Chris Rabe is a postdoctoral associate in SERC and in the MIT Environmental Solutions Initiative (ESI). His projects and research are broadly focused on better understanding and expanding climate justice and sustainability education across disciplines. At ESI, Chris is leading a curriculum development project called the Climate Justice Instructional Toolkit, which provides faculty and instructors across disciplines with adaptable climate justice teaching modules and support. 
 
In addition, Chris leads the Climate, Environment, and Sustainability Infusion Fellowship, a project designed to support faculty and instructional staff in integrating climate and sustainability content into their teaching. Chris’ research also explores the intersection of emotional well-being and climate change in educational settings, as well as how climate justice teaching can overlap with inclusive and anti-racist practices.  
 
As a SERC postdoc, Chris plans to continue better understanding how different disciplines, such as computing, can better address climate justice within the curriculum by co-creating educational modules with SERC Scholars.
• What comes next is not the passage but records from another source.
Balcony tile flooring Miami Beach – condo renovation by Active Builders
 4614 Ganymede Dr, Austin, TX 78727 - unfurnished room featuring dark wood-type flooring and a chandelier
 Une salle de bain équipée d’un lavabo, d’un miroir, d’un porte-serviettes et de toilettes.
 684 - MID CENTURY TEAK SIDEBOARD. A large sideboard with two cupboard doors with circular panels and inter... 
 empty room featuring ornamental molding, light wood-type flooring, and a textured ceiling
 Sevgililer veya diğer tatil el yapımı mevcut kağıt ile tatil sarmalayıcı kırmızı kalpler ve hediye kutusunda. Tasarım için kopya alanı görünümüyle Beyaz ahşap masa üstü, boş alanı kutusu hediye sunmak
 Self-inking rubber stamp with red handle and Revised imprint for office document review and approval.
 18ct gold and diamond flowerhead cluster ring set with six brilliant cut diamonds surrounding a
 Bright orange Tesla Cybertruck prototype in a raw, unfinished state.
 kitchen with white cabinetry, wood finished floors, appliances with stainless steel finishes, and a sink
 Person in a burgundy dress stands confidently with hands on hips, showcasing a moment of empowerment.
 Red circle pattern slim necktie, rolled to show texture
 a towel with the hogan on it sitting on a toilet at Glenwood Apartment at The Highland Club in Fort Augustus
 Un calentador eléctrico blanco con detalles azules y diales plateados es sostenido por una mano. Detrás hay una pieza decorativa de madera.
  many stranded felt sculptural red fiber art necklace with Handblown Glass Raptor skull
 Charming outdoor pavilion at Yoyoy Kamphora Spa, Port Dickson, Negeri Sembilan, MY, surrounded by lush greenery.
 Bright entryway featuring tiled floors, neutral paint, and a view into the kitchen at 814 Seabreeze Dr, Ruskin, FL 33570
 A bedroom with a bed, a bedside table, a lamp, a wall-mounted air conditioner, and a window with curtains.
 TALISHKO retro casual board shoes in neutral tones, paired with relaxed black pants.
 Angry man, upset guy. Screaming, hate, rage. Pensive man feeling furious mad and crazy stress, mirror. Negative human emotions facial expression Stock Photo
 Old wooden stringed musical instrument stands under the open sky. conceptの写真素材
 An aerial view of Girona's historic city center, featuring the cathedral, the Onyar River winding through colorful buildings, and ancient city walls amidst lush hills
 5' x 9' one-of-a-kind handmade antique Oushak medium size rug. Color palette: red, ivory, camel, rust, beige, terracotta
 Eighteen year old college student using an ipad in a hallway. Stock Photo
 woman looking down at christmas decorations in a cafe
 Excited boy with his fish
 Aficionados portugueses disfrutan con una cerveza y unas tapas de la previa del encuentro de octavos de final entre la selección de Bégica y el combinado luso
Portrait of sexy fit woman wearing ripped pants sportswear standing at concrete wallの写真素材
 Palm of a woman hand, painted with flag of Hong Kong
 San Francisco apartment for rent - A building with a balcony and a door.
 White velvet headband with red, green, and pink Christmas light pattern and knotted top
Chris earned his PhD at UMass Boston in higher education, and spent more than a decade as an ESL and composition instructor in a variety of contexts.

Dr. Michelle Spektor

Michelle Spektor is the MIT-IBM Postdoctoral Fellow in Computing and Society at SERC. As a historian of technology, she studies the past as a source of insight into the social, political, and ethical implications of surveillance technologies in the present. Her research examines why states are increasingly using biometric systems to identify their own citizens, and how these systems shape state-citizen relationships and politics of national belonging. Her current book project pursues these questions by tracing the transnational history of British and Israeli biometric infrastructures since 1904.

Before joining SERC, Michelle was a lecturer in the Science, Technology, and Society Program at Tufts University, where she taught courses on the history and social dimensions of surveillance, state governance, and the life sciences. She has a PhD in History, Anthropology, and Science, Technology, and Society from MIT, and previously held fellowships at the Center for International Security and Cooperation, and the Institute for Human-Centered Artificial Intelligence, at Stanford University.